Major - P3
We have a small three member replicaset running MongoDB 3.4.1:
- Primary. Physical local server, Windows Server 2012, 64 GB RAM, 6 cores. Hosted in Scandinavia.
- Secondary. Amazon EC2, Windows Server 2016, r4.2xlarge, 61 GB RAM, 8 vCPUs. Hosted in Germany.
- Arbiter. Tiny cloud based Linux instance.
The WiredTiger cache has its default size of around 50% of RAM, so the mongod process consumes around 32 GB in our case. Additionally, over time, MongoDB uses up all free memory via the filesystem cache (memory mapping). This is expected behavior AFAIK.
However, what we are seeing is that once the amount of available memory on the server drops below 1-4 % (by Windows' definition of "Available memory"), the replication speed from the primary to the secondary instance is being throttled / capped at just over 20 MBit/s. I.e., replication never goes above that speed, and if there is more data to replicate, it will queue up and result in replication lag.
This is not a pure bandwidth issue; for example while throttling is taking place, we can transfer data between the two servers over FTP at far more than 20 MBit/s.
To prove that low memory is causing this throttling, we ran a small script that allocated and freed around 10 GB memory on the server. Since there was almost no available memory, this memory was reallocated mainly from the filesystem cache, and in part form the mongod process. Immediately the throttling stopped, as shown in the attached screenshot, and replication occurred at full speed.

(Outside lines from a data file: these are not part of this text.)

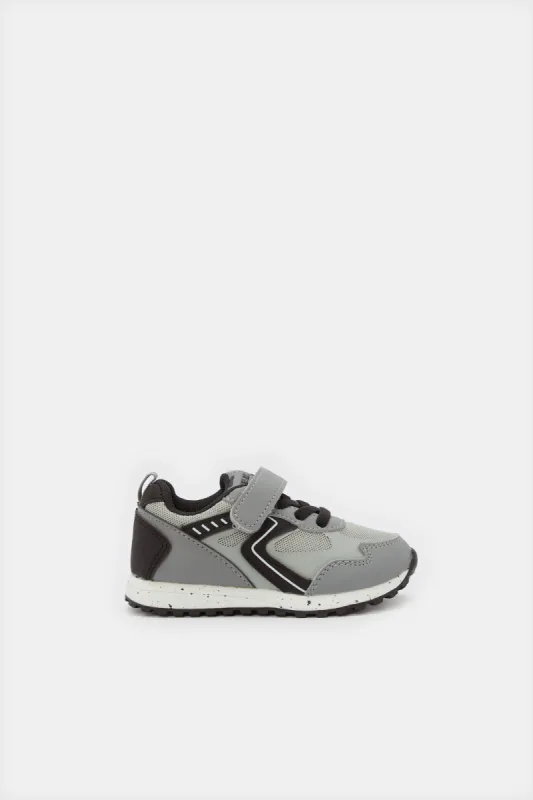 Infant Boys Grey Multi-Piece Slim Runner sold by Redtag
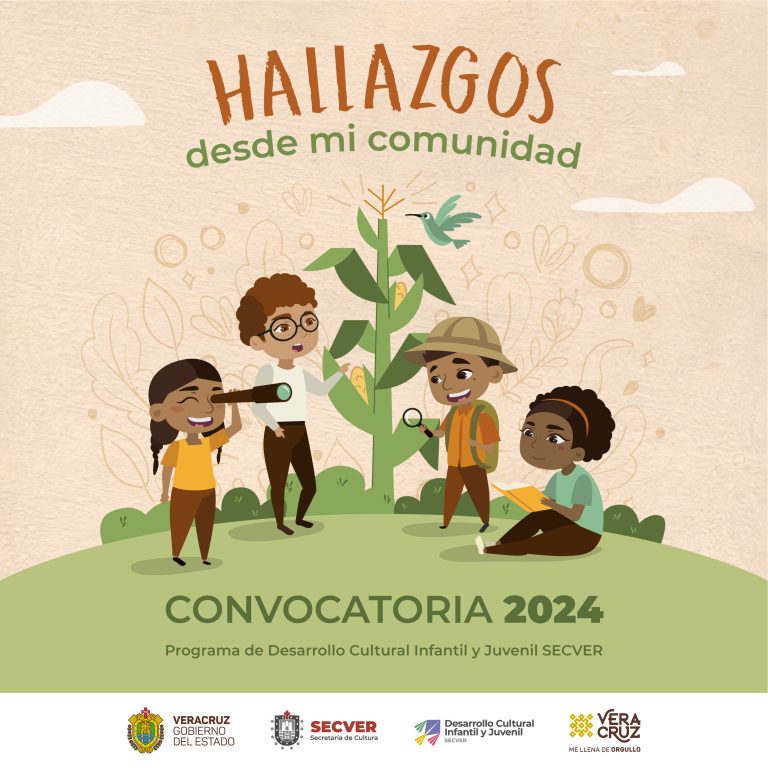 Invitan a promotores culturales a ser parte del programa “Hallazgos desde mi comunidad 2024”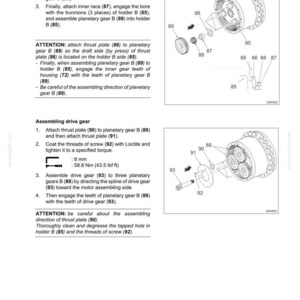 New Holland E215c, E245C Crawler Excavators Tier IV Service Repair Workshop Manual | Instant PDF Download image 10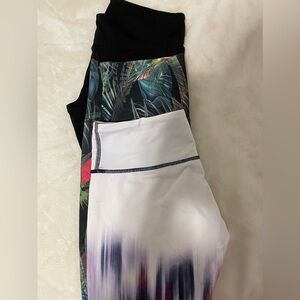 Bundle of three gym Leggings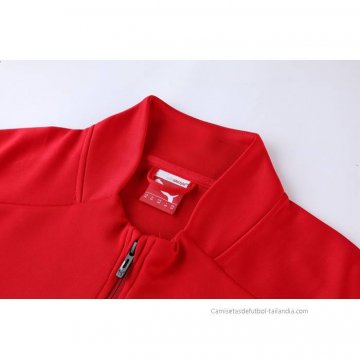 Chandal de Chaqueta del AC Milan 2022-2023 Rojo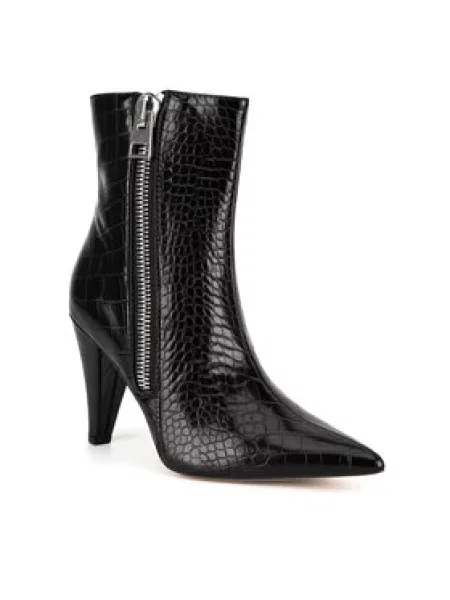 Nine West Polokozačky černá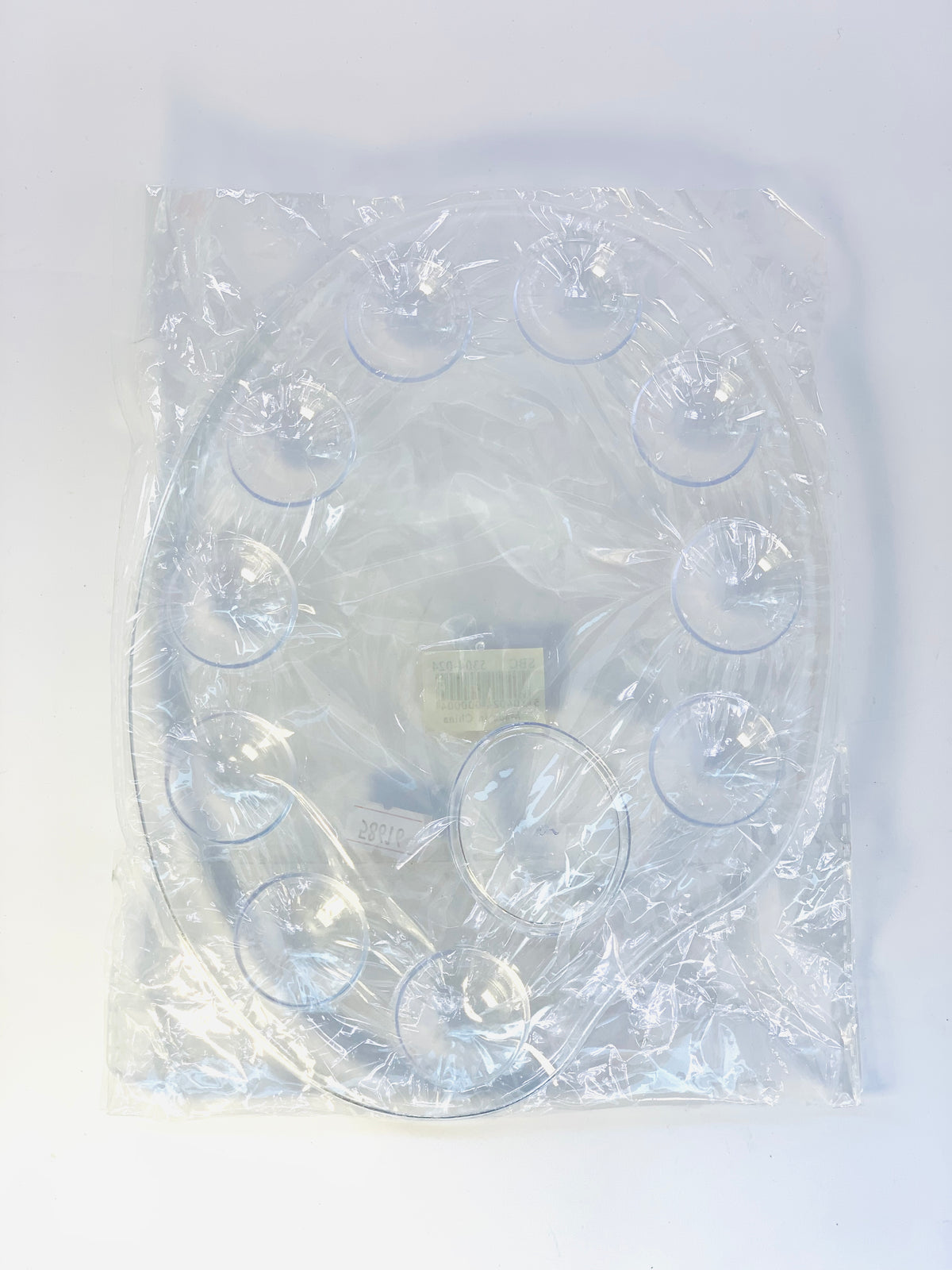 PAINT PALETTE TRANSPARENT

This lasted for around 3 days until MongoDB had consumed all free memory through the filesystem cache, at which point replication was again throttled.
This is 100% reproducible, and in fact the workaround we are currently resorting to, to avoid replication lag.
We haven't found a way to configure the amount of memory used for memory mapping, and are currently thinking that this must be a bug within MongoDB? We haven't found anything useful in the logs explaining why throttling takes place, and tried looking for duplicates for this bug without success.